Welcome to Scholar Flux’s documentation!
Scholar Flux is a Python library for searching and processing academic articles from multiple providers with built-in caching and data management capabilities.
Tutorials:
- Getting Started
- Response Handling and Error Patterns
- Response Access Patterns
- Response Types in Detail
- Error Handling Patterns
- Built-In Retry System
- Practical Examples
- Multi-Provider Search
- Overview
- Quick Start
- Understanding Multi-Provider Architecture
- Working with Results
- Rate Limiting
- Real-World Example: Systematic Literature Review
- Best Practices
- Troubleshooting
- Next Steps
- Schema Normalization
- Overview
- Basic Normalization
- Understanding Universal Fields
- Advanced Normalization
- Working with DataFrames
- Creating Custom Field Maps
- Best Practices
- Next Steps
- Real-World Use Cases
- Caching Strategies
- Prerequisites
- Understanding the Two Caches
- Quick Start Patterns
- Choosing a Storage Backend
- Using Namespaces
- Encrypted Session Caching
- Monitoring Cache Behavior
- Practical Examples
- Multi-Provider Parallel Searches
- Cache Invalidation
- Time-To-Live (TTL) Strategies
- Troubleshooting
- Best Practices
- Further Reading
- Workflows
- Custom Providers
- Production Deployment
- Environment Configuration
- Docker for Reproducibility
- Production Patterns
- Production Use Cases
- Data Ownership & Citation
- Security Essentials
- Best Practices
- Production Checklist
- Next Steps
- scholar_flux
Quick Start
Installation
The scholar-flux module is currently in beta, and is available right now for testing and preliminary use! Install Scholar Flux using the pypi index for testing:
pip install scholar-flux
Quick Start Example
Here’s a complete example demonstrating Scholar Flux’s core features:
from scholar_flux import SearchAPI, SearchCoordinator, DataCacheManager
# Initialize the API client with requests-cache to cache successful responses
api = SearchAPI.from_defaults(
query="psychology",
provider_name='plos',
use_cache=True
)
# Perform a search and get a response object
response = api.search(page=1)
# Coordinate the response retrieval processing with a single search
# and in-memory record cache
coordinator = SearchCoordinator(api)
# Turn off process caching altogether
coordinator = SearchCoordinator(api, cache_results=False)

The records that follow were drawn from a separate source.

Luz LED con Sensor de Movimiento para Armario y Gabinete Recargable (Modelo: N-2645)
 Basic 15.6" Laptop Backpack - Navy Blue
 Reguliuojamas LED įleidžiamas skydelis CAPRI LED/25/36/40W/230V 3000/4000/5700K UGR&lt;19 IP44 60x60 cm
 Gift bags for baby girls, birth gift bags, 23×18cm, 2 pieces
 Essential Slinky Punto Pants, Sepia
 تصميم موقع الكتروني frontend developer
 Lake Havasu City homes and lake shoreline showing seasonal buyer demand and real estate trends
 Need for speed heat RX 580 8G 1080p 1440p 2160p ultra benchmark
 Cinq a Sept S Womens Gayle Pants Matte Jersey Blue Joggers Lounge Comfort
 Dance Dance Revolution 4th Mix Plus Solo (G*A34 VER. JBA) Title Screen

# Or use sqlalchemy, redis, or mongodb with an optional config
# (assuming a redis server and redis-py are installed)
coordinator = SearchCoordinator(
api,
cache_manager=DataCacheManager.with_storage('redis', 'localhost')
)
# Retrieves the previously cached response and processes it
processed_response = coordinator.search(page=1)
# Show each record from a flattened dictionary
print(processed_response.data)
# Transform the dictionary of records into a pandas dataframe
import pandas as pd
record_data_frame = pd.DataFrame(processed_response.data)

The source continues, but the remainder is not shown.